The scheme hasn't had the go-ahead yet. Mr Relf told the economy and infrastructure service transformation committee it was probable that a new multi-storey car park "in the vicinity" would be looked at, and that a public consultation on evolving plans for the land would take place in the coming months.
The council received £20 million in Levelling Up Fund money from the UK Government last year to take forward its Hafod-Morfa Copperworks plans and also add exhibition space at Swansea Museum and revitalise arches and tunnels in and around The Strand. One of the copperworks buildings - a former rolling mill - is home to what Mr Relf described as a "treasure trove" of artefacts which the museum doesn't have space for.
Referring to the river, Mr Relf said he hoped that two more pontoons would be installed by the middle of next year. The emphasis, he added, was on community boat and rowing club use rather than commercial activities like paddling-boarding, kayaking and river taxis at this stage.

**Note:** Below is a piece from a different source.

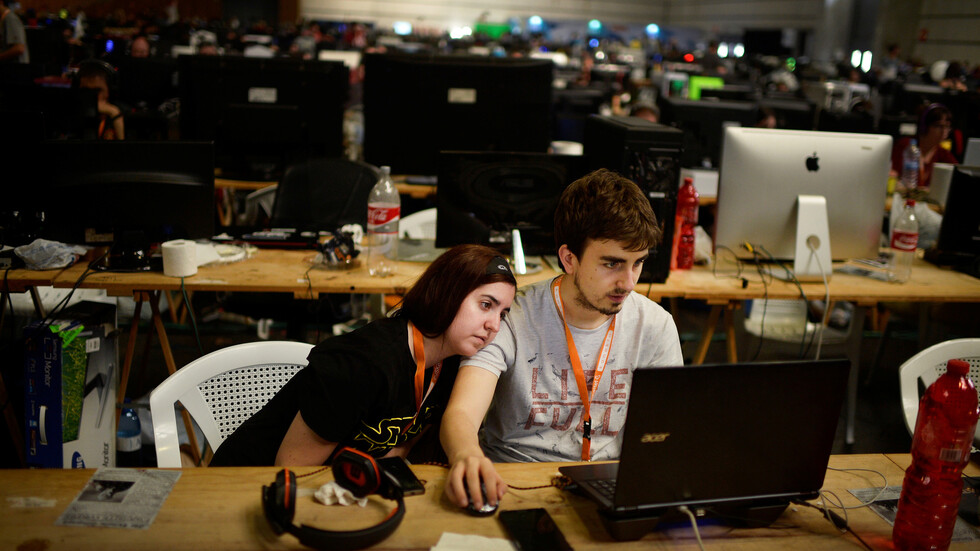 بوتين يصدر تعليمات لإعداد متطلبات عمل شركات التكنولوجيا الأجنبية في الإنترنت الروسي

Mr Relf described the riverside as "quite luscious" and very different to what it was in the past. "You could be in mid-Wales," he said.
Cllr Wendy Lewis said she was excited about the riverside's redevelopment. "We are a sea-faring city and we need to use our river," she said.
Committee chairman Cllr Philip Downing said: "This is a very, very exciting part of Swansea for tourism which we identified many years ago." Parking considerations were important, he said, especially if the Skyline attraction was given planning permission.
Councillors were also told that a shared-use path for cyclists and walkers was planned on the Tawe's west bank from White Rock Bridge, by the old copperworks, to a point just past the council's Pipehouse Wharf depot where it would join an existing path into the city centre. Hundreds of students now live along that section in purpose-built accommodation blocks.
A consultation about the shared-use path, which has been proposed for years, is being carried out by the council and closes on May 6. A diagram published as part of the consultation shows a middle part of the path as an elevated boardwalk. Mr Relf described this stretch, at the rear of Swansea Industrial Components, as "a pinch-point".